The Black-capped Donacobius (Donacobius atricapilla) is a conspicuous, vocal South American bird. It is found in tropical swamps and wetlands in Argentina, Bolivia, Brazil, Colombia, Ecuador, French Guiana, Guyana, Paraguay, Peru, Suriname, and Venezuela; also Panama of Central America.
In 1760 the French zoologist Mathurin Jacques Brisson included a description of the black-capped donacobius in his Ornithologie based on a specimen that he mistakenly believed had been collected from the Cape of Good Hope in South Africa. He used the French name Le merle a test noire de Cap de Bonne Espérance and the Latin Merula Atricapilla Capitis Bonae Spei. Although Brisson coined Latin names, these do not conform to the binomial system and are not recognised by the International Commission on Zoological Nomenclature. When in 1766 the Swedish naturalist Carl Linnaeus updated his Systema Naturae for the twelfth edition, he added 240 species that had been previously described by Brisson. One of these was the black-capped donacobius. Linnaeus included a brief description, coined the binomial name Turdus atricapilla and cited Brisson’s work. The type location was subsequently corrected to eastern Brazil. The specific name atricapilla is Latin for «black-haired» from ater «black» and capillus «hair of the head». This species is now placed in the genus Donacobius that was introduced by the English naturalist William John Swainson in 1831. The name of the genus is from Ancient Greek donakos «reed» and bios «mode of life».

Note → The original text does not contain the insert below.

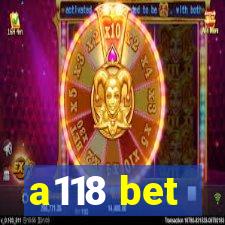 a118 bet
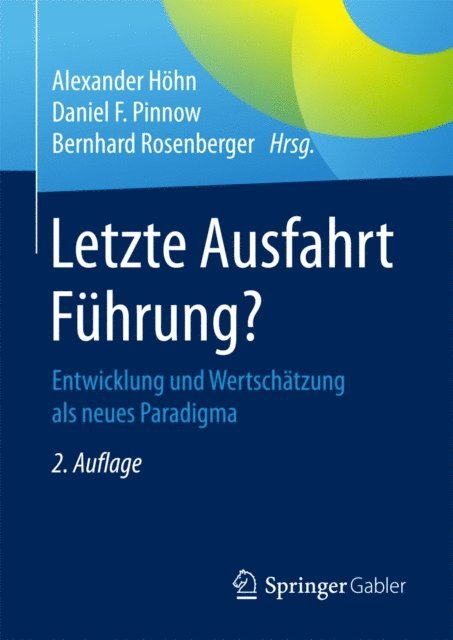 Bernhard Rosenberger, Daniel F. Pinnow, Alexander Hohn - Letzte Ausfahrt Führung?, E-bok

The Black-capped Donacobius is the only member of the genus Donacobius, but its familial placement has gone through several changes. In the 19th century, it was placed in the Turdidae, and in the 20th century, moved to the Mimidae. It had various English names, including the «black-capped mockingthrush». In the 1980s and 1990s, suggestions that it was a type of wren (Troglodytidae) were accepted by the South American Classification Committee (SACC), the American Ornithological Society (AOS) and most other authorities. Since at least 2018, the major taxonomic schemes place it in its own family, Donacobidae, and list it following the reed warblers of the family Acrocephalidae.
Black-capped Donacobiuses are common in a wide range of Amazonian wetlands, including oxbow lakes, riparian zones, and other areas with tall dense aquatic or semi-aquatic vegetation. A third of the species range is outside the Amazon Basin, from Panama, northern Colombia, and western Venezuela, the Orinoco River system of Venezuela, to southeast coastal and inland Brazil, and neighboring countries southward, Paraguay, and extreme northern Argentina.
Mating for life, pairs of black-capped donacobiuses can be seen frequently and throughout the day atop thickets of dense lakeside or streamside vegetation. They often will engage in antiphonic dueting. Adult offspring will remain with their parents and help raise siblings from subsequent nesting periods in a system of cooperative breeding.